Transcribe every record exactly.
+++ Entries shown +++
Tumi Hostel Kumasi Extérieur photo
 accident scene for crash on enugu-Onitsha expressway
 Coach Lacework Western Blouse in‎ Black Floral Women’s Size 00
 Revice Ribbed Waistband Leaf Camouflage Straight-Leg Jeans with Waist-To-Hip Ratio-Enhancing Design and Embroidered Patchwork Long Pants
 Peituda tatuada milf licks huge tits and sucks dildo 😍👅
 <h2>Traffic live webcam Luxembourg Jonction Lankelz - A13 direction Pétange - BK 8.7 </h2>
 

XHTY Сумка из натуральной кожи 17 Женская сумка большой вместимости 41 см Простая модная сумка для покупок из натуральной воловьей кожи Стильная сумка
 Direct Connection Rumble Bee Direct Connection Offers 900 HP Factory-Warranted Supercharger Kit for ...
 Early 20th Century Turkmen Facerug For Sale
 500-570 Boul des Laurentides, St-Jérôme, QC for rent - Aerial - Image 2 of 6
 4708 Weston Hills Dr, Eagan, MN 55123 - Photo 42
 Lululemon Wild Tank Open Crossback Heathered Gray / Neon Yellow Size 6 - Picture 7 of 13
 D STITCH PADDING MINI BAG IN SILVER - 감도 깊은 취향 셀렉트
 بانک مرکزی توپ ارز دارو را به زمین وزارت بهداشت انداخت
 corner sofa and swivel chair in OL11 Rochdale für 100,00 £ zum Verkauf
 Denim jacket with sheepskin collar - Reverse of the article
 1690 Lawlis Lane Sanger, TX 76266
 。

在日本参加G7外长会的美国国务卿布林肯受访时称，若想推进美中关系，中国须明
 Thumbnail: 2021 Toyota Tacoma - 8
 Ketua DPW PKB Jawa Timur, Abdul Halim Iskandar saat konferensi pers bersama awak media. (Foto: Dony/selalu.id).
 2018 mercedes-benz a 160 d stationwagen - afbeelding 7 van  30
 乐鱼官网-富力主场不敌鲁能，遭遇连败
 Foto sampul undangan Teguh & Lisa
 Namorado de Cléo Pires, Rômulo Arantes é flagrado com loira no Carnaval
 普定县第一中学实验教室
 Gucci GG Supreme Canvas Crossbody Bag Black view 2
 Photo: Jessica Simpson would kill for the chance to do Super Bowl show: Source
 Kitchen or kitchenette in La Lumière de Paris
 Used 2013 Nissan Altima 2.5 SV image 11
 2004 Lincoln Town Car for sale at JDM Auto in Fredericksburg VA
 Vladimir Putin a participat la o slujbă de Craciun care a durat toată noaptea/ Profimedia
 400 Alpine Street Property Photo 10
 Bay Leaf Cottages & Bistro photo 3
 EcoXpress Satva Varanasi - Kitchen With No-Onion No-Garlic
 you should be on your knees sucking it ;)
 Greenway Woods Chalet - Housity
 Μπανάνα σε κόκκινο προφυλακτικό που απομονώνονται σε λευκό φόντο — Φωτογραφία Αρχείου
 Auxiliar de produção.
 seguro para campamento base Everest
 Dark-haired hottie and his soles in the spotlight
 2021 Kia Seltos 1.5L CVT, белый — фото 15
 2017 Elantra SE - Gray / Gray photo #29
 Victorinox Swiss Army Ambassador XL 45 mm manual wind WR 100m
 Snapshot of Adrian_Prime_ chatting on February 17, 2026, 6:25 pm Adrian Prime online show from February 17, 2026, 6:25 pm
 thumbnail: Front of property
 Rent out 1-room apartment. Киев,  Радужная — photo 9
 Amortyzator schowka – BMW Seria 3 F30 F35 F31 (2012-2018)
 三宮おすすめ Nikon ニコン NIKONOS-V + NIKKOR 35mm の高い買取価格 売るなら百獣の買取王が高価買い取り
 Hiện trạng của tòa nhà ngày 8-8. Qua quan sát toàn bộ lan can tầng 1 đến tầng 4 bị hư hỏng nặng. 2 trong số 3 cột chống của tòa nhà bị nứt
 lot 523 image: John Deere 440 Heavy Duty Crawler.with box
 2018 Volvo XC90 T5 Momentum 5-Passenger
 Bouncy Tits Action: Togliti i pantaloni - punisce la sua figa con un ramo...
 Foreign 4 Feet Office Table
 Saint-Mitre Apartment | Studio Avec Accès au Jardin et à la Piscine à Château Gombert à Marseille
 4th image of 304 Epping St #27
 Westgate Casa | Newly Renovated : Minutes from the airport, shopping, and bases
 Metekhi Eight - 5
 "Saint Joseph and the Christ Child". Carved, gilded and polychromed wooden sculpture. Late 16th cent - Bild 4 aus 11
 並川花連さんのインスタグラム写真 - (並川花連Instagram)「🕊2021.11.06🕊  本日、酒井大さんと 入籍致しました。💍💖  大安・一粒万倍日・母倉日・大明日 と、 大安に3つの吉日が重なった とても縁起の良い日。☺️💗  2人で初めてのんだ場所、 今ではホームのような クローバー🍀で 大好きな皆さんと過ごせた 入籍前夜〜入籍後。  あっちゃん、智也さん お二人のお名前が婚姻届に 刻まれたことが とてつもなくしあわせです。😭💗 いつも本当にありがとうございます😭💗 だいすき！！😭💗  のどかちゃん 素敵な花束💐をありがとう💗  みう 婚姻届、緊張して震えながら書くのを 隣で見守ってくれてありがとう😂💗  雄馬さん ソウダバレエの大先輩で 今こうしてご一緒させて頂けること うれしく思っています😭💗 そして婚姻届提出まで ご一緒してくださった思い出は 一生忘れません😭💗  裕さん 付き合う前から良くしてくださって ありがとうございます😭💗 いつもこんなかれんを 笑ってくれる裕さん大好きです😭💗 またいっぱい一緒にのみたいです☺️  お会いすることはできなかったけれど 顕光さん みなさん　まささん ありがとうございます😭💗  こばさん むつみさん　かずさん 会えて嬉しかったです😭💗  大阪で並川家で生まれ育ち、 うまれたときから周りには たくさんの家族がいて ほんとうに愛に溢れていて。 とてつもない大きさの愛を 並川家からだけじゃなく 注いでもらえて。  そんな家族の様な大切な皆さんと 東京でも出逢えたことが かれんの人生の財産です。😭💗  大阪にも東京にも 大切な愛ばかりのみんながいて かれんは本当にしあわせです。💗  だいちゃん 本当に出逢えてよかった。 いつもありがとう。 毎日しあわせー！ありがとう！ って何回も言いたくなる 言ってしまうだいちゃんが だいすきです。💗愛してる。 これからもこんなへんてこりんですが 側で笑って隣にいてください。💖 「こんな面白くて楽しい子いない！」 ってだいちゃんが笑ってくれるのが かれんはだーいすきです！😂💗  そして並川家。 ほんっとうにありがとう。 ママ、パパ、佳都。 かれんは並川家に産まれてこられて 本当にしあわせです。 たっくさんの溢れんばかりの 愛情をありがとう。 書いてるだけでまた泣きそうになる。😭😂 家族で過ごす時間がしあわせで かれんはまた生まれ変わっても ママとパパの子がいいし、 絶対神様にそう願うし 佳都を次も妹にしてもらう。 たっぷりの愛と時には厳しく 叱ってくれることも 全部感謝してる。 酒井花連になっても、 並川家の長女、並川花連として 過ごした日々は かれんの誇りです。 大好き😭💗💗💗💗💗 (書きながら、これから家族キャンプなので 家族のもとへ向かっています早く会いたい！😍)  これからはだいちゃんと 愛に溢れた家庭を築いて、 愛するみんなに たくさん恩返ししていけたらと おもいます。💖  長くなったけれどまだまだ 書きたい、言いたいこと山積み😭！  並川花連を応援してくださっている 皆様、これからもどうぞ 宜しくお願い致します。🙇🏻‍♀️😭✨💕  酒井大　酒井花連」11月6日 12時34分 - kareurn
+++
Answer to this problem:
Tumi Hostel Kumasi Extérieur photo
 accident scene for crash on enugu-Onitsha expressway
 Coach Lacework Western Blouse in‎ Black Floral Women’s Size 00
 Revice Ribbed Waistband Leaf Camouflage Straight-Leg Jeans with Waist-To-Hip Ratio-Enhancing Design and Embroidered Patchwork Long Pants
 Peituda tatuada milf licks huge tits and sucks dildo 😍👅
 <h2>Traffic live webcam Luxembourg Jonction Lankelz - A13 direction Pétange - BK 8.7 </h2>
 

XHTY Сумка из натуральной кожи 17 Женская сумка большой вместимости 41 см Простая модная сумка для покупок из натуральной воловьей кожи Стильная сумка
 Direct Connection Rumble Bee Direct Connection Offers 900 HP Factory-Warranted Supercharger Kit for ...
 Early 20th Century Turkmen Facerug For Sale
 500-570 Boul des Laurentides, St-Jérôme, QC for rent - Aerial - Image 2 of 6
 4708 Weston Hills Dr, Eagan, MN 55123 - Photo 42
 Lululemon Wild Tank Open Crossback Heathered Gray / Neon Yellow Size 6 - Picture 7 of 13
 D STITCH PADDING MINI BAG IN SILVER - 감도 깊은 취향 셀렉트
 بانک مرکزی توپ ارز دارو را به زمین وزارت بهداشت انداخت
 corner sofa and swivel chair in OL11 Rochdale für 100,00 £ zum Verkauf
 Denim jacket with sheepskin collar - Reverse of the article
 1690 Lawlis Lane Sanger, TX 76266
 。

在日本参加G7外长会的美国国务卿布林肯受访时称，若想推进美中关系，中国须明
 Thumbnail: 2021 Toyota Tacoma - 8
 Ketua DPW PKB Jawa Timur, Abdul Halim Iskandar saat konferensi pers bersama awak media. (Foto: Dony/selalu.id).
 2018 mercedes-benz a 160 d stationwagen - afbeelding 7 van  30
 乐鱼官网-富力主场不敌鲁能，遭遇连败
 Foto sampul undangan Teguh & Lisa
 Namorado de Cléo Pires, Rômulo Arantes é flagrado com loira no Carnaval
 普定县第一中学实验教室
 Gucci GG Supreme Canvas Crossbody Bag Black view 2
 Photo: Jessica Simpson would kill for the chance to do Super Bowl show: Source
 Kitchen or kitchenette in La Lumière de Paris
 Used 2013 Nissan Altima 2.5 SV image 11
 2004 Lincoln Town Car for sale at JDM Auto in Fredericksburg VA
 Vladimir Putin a participat la o slujbă de Craciun care a durat toată noaptea/ Profimedia
 400 Alpine Street Property Photo 10
 Bay Leaf Cottages & Bistro photo 3
 EcoXpress Satva Varanasi - Kitchen With No-Onion No-Garlic
 you should be on your knees sucking it ;)
 Greenway Woods Chalet - Housity
 Μπανάνα σε κόκκινο προφυλακτικό που απομονώνονται σε λευκό φόντο — Φωτογραφία Αρχείου
 Auxiliar de produção.
 seguro para campamento base Everest
 Dark-haired hottie and his soles in the spotlight
 2021 Kia Seltos 1.5L CVT, белый — фото 15
 2017 Elantra SE - Gray / Gray photo #29
 Victorinox Swiss Army Ambassador XL 45 mm manual wind WR 100m
 Snapshot of Adrian_Prime_ chatting on February 17, 2026, 6:25 pm Adrian Prime online show from February 17, 2026, 6:25 pm
 thumbnail: Front of property
 Rent out 1-room apartment. Киев,  Радужная — photo 9
 Amortyzator schowka – BMW Seria 3 F30 F35 F31 (2012-2018)
 三宮おすすめ Nikon ニコン NIKONOS-V + NIKKOR 35mm の高い買取価格 売るなら百獣の買取王が高価買い取り
 Hiện trạng của tòa nhà ngày 8-8. Qua quan sát toàn bộ lan can tầng 1 đến tầng 4 bị hư hỏng nặng. 2 trong số 3 cột chống của tòa nhà bị nứt
 lot 523 image: John Deere 440 Heavy Duty Crawler.with box
 2018 Volvo XC90 T5 Momentum 5-Passenger
 Bouncy Tits Action: Togliti i pantaloni - punisce la sua figa con un ramo...
 Foreign 4 Feet Office Table
 Saint-Mitre Apartment | Studio Avec Accès au Jardin et à la Piscine à Château Gombert à Marseille
 4th image of 304 Epping St #27
 Westgate Casa | Newly Renovated : Minutes from the airport, shopping, and bases
 Metekhi Eight - 5
 "Saint Joseph and the Christ Child". Carved, gilded and polychromed wooden sculpture. Late 16th cent - Bild 4 aus 11
 並川花連さんのインスタグラム写真 - (並川花連Instagram)「🕊2021.11.06🕊  本日、酒井大さんと 入籍致しました。💍💖  大安・一粒万倍日・母倉日・大明日 と、 大安に3つの吉日が重なった とても縁起の良い日。☺️💗  2人で初めてのんだ場所、 今ではホームのような クローバー🍀で 大好きな皆さんと過ごせた 入籍前夜〜入籍後。  あっちゃん、智也さん お二人のお名前が婚姻届に 刻まれたことが とてつもなくしあわせです。😭💗 いつも本当にありがとうございます😭💗 だいすき！！😭💗  のどかちゃん 素敵な花束💐をありがとう💗  みう 婚姻届、緊張して震えながら書くのを 隣で見守ってくれてありがとう😂💗  雄馬さん ソウダバレエの大先輩で 今こうしてご一緒させて頂けること うれしく思っています😭💗 そして婚姻届提出まで ご一緒してくださった思い出は 一生忘れません😭💗  裕さん 付き合う前から良くしてくださって ありがとうございます😭💗 いつもこんなかれんを 笑ってくれる裕さん大好きです😭💗 またいっぱい一緒にのみたいです☺️  お会いすることはできなかったけれど 顕光さん みなさん　まささん ありがとうございます😭💗  こばさん むつみさん　かずさん 会えて嬉しかったです😭💗  大阪で並川家で生まれ育ち、 うまれたときから周りには たくさんの家族がいて ほんとうに愛に溢れていて。 とてつもない大きさの愛を 並川家からだけじゃなく 注いでもらえて。  そんな家族の様な大切な皆さんと 東京でも出逢えたことが かれんの人生の財産です。😭💗  大阪にも東京にも 大切な愛ばかりのみんながいて かれんは本当にしあわせです。💗  だいちゃん 本当に出逢えてよかった。 いつもありがとう。 毎日しあわせー！ありがとう！ って何回も言いたくなる 言ってしまうだいちゃんが だいすきです。💗愛してる。 これからもこんなへんてこりんですが 側で笑って隣にいてください。💖 「こんな面白くて楽しい子いない！」 ってだいちゃんが笑ってくれるのが かれんはだーいすきです！😂💗  そして並川家。 ほんっとうにありがとう。 ママ、パパ、佳都。 かれんは並川家に産まれてこられて 本当にしあわせです。 たっくさんの溢れんばかりの 愛情をありがとう。 書いてるだけでまた泣きそうになる。😭😂 家族で過ごす時間がしあわせで かれんはまた生まれ変わっても ママとパパの子がいいし、 絶対神様にそう願うし 佳都を次も妹にしてもらう。 たっぷりの愛と時には厳しく 叱ってくれることも 全部感謝してる。 酒井花連になっても、 並川家の長女、並川花連として 過ごした日々は かれんの誇りです。 大好き😭💗💗💗💗💗 (書きながら、これから家族キャンプなので 家族のもとへ向かっています早く会いたい！😍)  これからはだいちゃんと 愛に溢れた家庭を築いて、 愛するみんなに たくさん恩返ししていけたらと おもいます。💖  長くなったけれどまだまだ 書きたい、言いたいこと山積み😭！  並川花連を応援してくださっている 皆様、これからもどうぞ 宜しくお願い致します。🙇🏻‍♀️😭✨💕  酒井大　酒井花連」11月6日 12時34分 - kareurn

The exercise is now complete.